A total of 43 eyes in 24 patients (14 female and 10 male, 56.0 ± 9.0 years old) with LACNP were reviewed, which accounted for 3.3% of all the angiograms from our DR database during the same period. The baseline data in this analysis are shown in Table 1. Of note, 19 patients had both eyes presenting with LACNP. Unilateral LACNP was observed in 5 patients due to imaging unavailable with severe vitreous hemorrhage (n=4) or absence of LACNP in the contralateral eye (n=1). The duration of presenting symptoms of diabetes was 7.3 years on average in all patients with the mean levels of fasting blood glucose 13.6 mmol/L and HbA1c 8.1%. In addition, nine of the patients (37.5%) had a history of hypertension. Their controlled blood pressure was 153.8/91.3 mmHg on average before FFA examination. In addition, impaired renal function, presenting with elevation of creatinine and urea nitrogen, was found in 75.0% of the patients.

Table 1 Patient demographics at the time of fluorescence fundus angiography

All patients underwent FFA exam after proper control of diabetes and hypertension. The overall percentage of CNP area in all included eyes was 79.1 ± 8.1%. Representative FFA images on LACNP were shown in Figs. 1 and 2. In addition, retinal neovascularization was found in all subjects, which located either on or within one disc diameter of the optic disc (34.9%), elsewhere (44.2%), or both (20.9%), indicating the presence of proliferative DR. In addition, angiographic macular ischemia was identified in 58.1% of the eyes.

Fig. 1
figure 1

Diagrams showing measurement of area of capillary non-perfusion (CNP) in diabetic retinopathy. A Angiographic images of a patient with large area of retinal capillary non-perfusion except the macular region. B, C The area of CNP was measured by manually circling the CNP area (B) and filling it with color (C) using the Image-Pro Plus 6.0 software. The measurement was performed by two dependent researchers and an average was taken

Fig. 2
figure 2

Representative images of excessively large area of capillary non-perfusion (LACNP) in diabetic retinopathy. A-C Angiographic images of 3 eyes with LACNP. Neovascularization and vascular leakage were found in the peripheral (A) and mid-peripheral area (B). Local ischemia of the macula was noted (C)
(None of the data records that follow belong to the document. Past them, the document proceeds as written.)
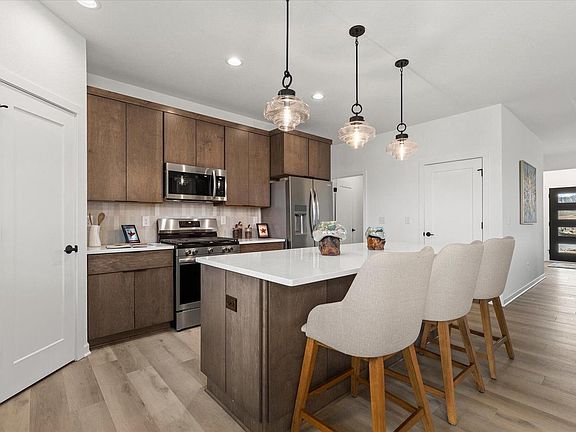 5th image of 1564 Fairwinds BOULEVARD #Lt17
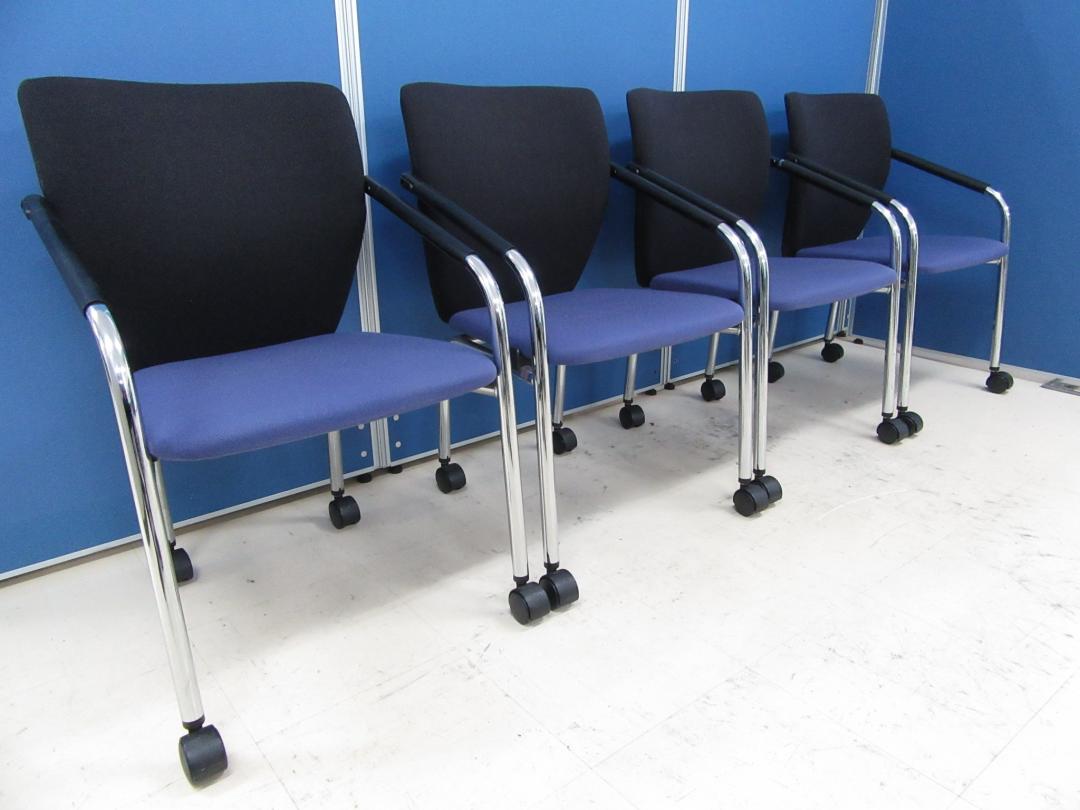 [4脚セット]岡村製作所(okamura) ネスティングチェア■座面を畳んで収納可能!!会議・研修・休憩室用としておすすめ!![状態良好]
                        
                                    中古
            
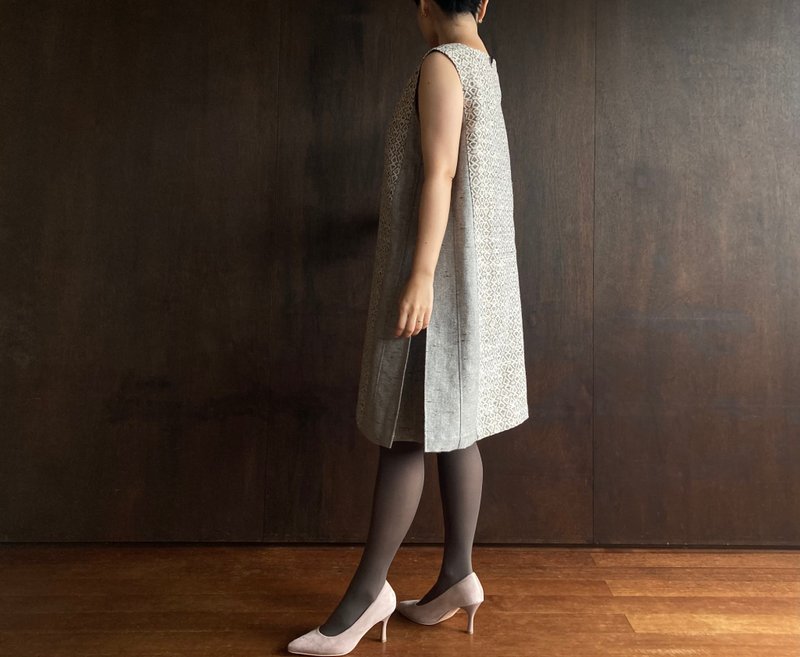 ウインタードレス　flower-silver/cloudy gray　ヴィンテージ・コロゾボタン - 洋裝/連身裙 - 聚酯纖維 銀色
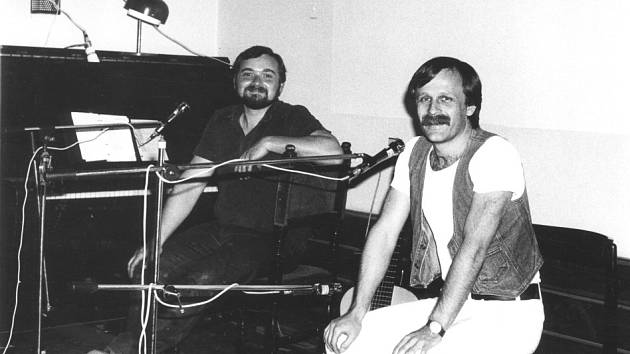 Jan Burian a Jiří Dědeček vydávají své první a poslední společné album. Na šesti CD shrnuje jejich hraní z let 1974 - 1985, hraní s Magdou Křížkovou, Jiřím Suchým, neznámé nahrávky i koncert na Večeru rozpadlých dvojic v předvečer listopadové revoluce.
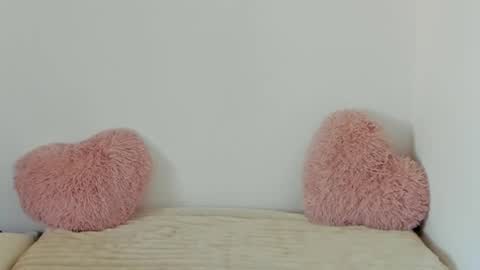 Snapshot of maya_and_guests chatting on September 2025 01:34:02 PM Maya online show from September 2025 01:34:02 PM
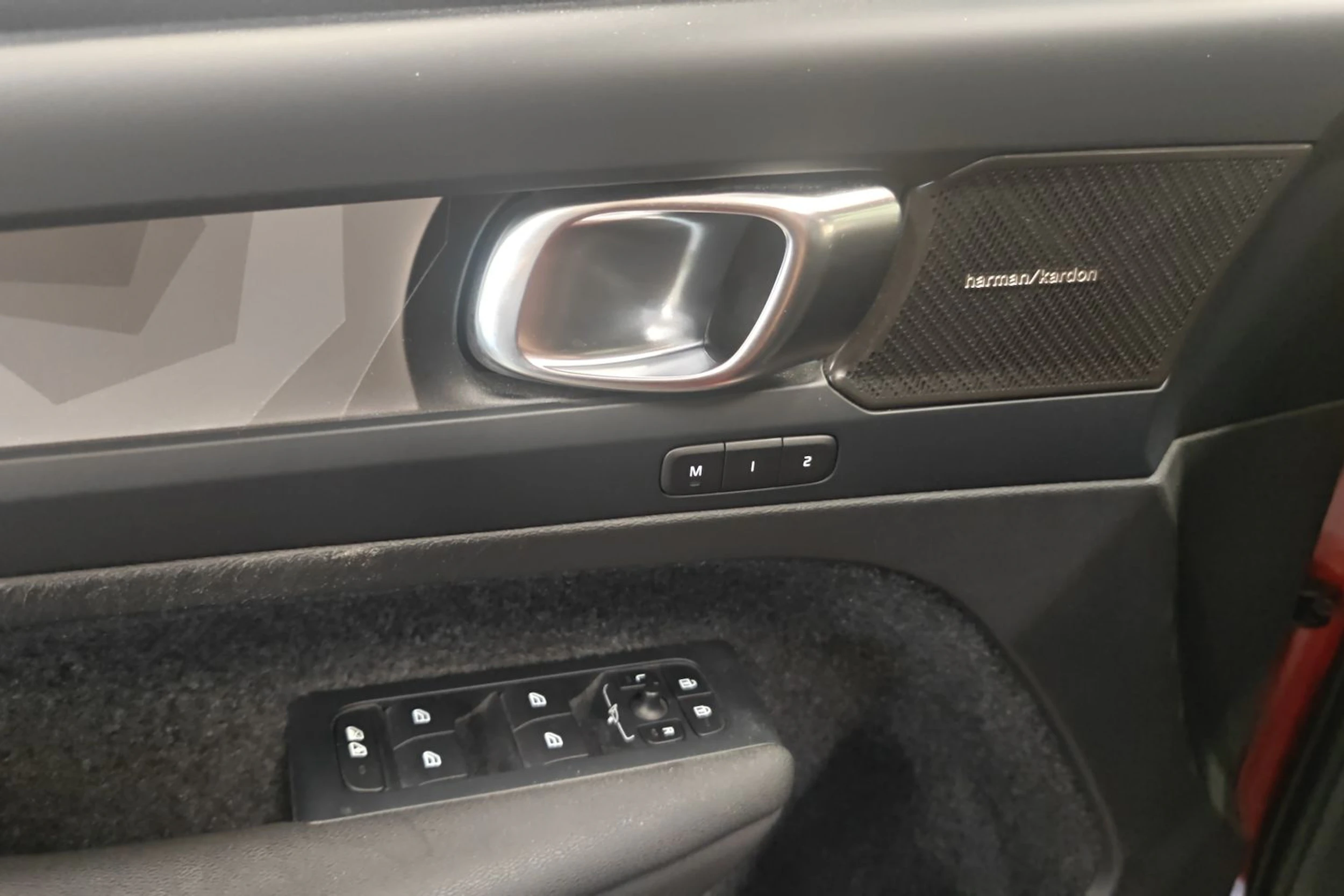 punainen Volvo XC40 2022 kuva 4.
Fundus photography was performed in all subjects through which retinal hemorrhage and exudation were seen in 15 eyes (34.9%) and 14 eyes (32.6%), respectively. Neovascular vessels or tufts accounted for 30.2% of the subjects. In addition, pre-retinal proliferative membrane at the posterior pole suggesting an advanced stage of DR of the retina was noted in 10 eyes (23.3%).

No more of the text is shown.